Which is a roundabout way of saying that that’s why it costs £2,750,000 (with Inigo) and given that that means that most of us (!) can’t afford to actually buy then this is the only way we’re going to get in for a look around. But oh does it have some wonderful rooms and colour lessons for us.
There are also many more pictures than I can show you here so do have a look around the rest – I have tried to pull out the ones that might teach us something or give us inspiration but sometimes you just want to look around without speaking – especially in this heat.
The first thing to note is that there are two colour threads in this house – one is orange and the other green and they appear sometimes together and sometimes apart throughout the property. Orange is a bold choice but, as you will see, it has been used in all formats from muddy and burnt to neon and it works with more colours that you might think.
Above the neon lamp positively pings (unfortunate word?) against the navy blue walls while the coffee table links to it and the artwork draws your eye round so you can’t help but look at the whole room which is also the point of adding strong accents – usually colour – but the very eagle-eyed (or those reading on a phone with a zoom facility) will see there is a drop more orange in the curtain ties. But even though the colour is zinging it hasn’t been overused and the impression is more of a dark cosy room than one that assaults the senses.
Orange makes another appearance here in the patterned sofa and I am a big fan of a patterned sofa. If you fall in love with a fabric then you fall and there’s no reason not to have it on a sofa rather than the more traditional cushions and curtains. Not to mention that pattern will hide stains so it’s actually quite a practical choice. The other point to make is that you can amp up a pattern or knock it back down to suit either your taste or the room. Here against the navy wall it appears almost like a subtle burst of pattern. But against pink or green walls the effect would be more, well for my eyes, hallucinogenic but it’s all down to personal taste and function ultimately.
This is another corner of the top room with its orange and pink sofas but you can see how the rug picks up the colour scheme in a more muted fashion – the orange has been toned down to a warm brown – let’s call it a more appetising caramel. Here it is again below – for those who don’t want to keep scrolling.
This also allows me to introduce the other colour – this sort of sludgy green that appears throughout this house. This is another great base colour as it likes some of the brights but is equally happy with more muddy pinks and blues. Personally I’m still hunting for the perfect clay (from Monday’s – which inadvertently turned into Tuesday’s – post. Should have saved before I put it down but there you go it was hot and I forgot).
Here it is in the kitchen with lots of white, vintage wood and natural brass (not for getting the black AGA for the perfect representation of my something new, something old, something black and something gold mantra). This is a completely timeless combination that you could keep for years and it would never look out of date. At the same time if you wanted to jazz it up a bit you could paint the walls in a soft pink or drench them in the same green for a more modern look.
The dining room has this drenched look, albeit in a slightly different shade of green) but again the palette remains tight to stop if feeling busy. Check out the matching door too. This room would be ruined (strong word but I’m feeling it) if the woodwork and door were painted white.

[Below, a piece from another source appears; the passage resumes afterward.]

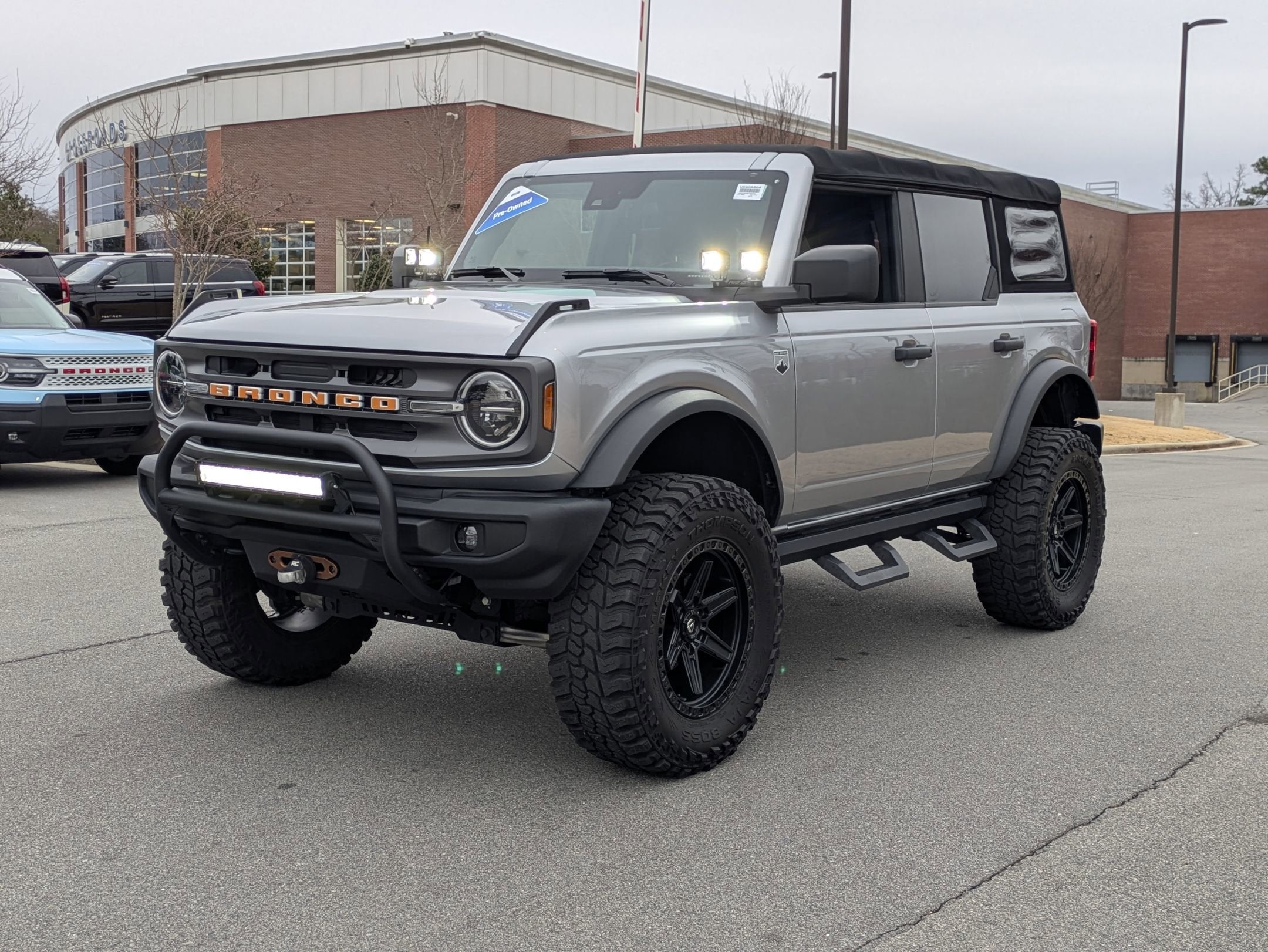 2021 Ford Bronco Big Bend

And talking of architectural features this is the other end of the kitchen. It’s a bold use of paint but I think it works. Yes you could have painted the whole wall out in the green but here the paint has been used to great effect. All of which goes to show that you can use paint HOW YOU WANT – just make sure that it links to the rest of the room (which is, all together now why the random feature wall doesn’t work). The green door matches the cupboard doors and the other door virtually disappears when open. If you have a room full of awkward angles and different surfaces then make a statement of them with paint rather than trying to pretend they aren’t there.

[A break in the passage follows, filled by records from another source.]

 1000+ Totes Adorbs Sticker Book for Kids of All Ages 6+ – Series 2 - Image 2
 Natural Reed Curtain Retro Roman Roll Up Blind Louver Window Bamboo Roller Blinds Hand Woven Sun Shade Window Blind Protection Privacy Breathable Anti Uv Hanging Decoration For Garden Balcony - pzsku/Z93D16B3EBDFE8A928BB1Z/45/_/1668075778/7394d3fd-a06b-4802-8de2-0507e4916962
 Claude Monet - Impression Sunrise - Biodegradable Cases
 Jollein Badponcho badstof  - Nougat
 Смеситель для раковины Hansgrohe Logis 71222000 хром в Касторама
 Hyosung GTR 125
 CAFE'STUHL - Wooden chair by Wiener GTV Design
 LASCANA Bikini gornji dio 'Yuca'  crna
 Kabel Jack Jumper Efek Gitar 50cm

Nipping up to the bathroom and the green reappears here – again with the white metro tiles and wooden floor it’s a very classic look but you could paint the bath to update the room and wouldn’t have to change any fixtures and fittings so it’s a room that could change with your mind/fashions.
Wandering back downstairs – always remember to consider the views when you are decorating – not necessarily the ones through the windows but those that will catch your eye as you wander past different rooms – and while you wander round the rest of this gorgeous house I will wait for you here. A comfy chair, a dark wall and a lot of books. See you next week – am now very tempted to paint my own library area all dark and not just the shelves. Which means this week alone I have virtually redecorated the library, the loft and the bathroom and possibly the bedroom when I find he right clay colour…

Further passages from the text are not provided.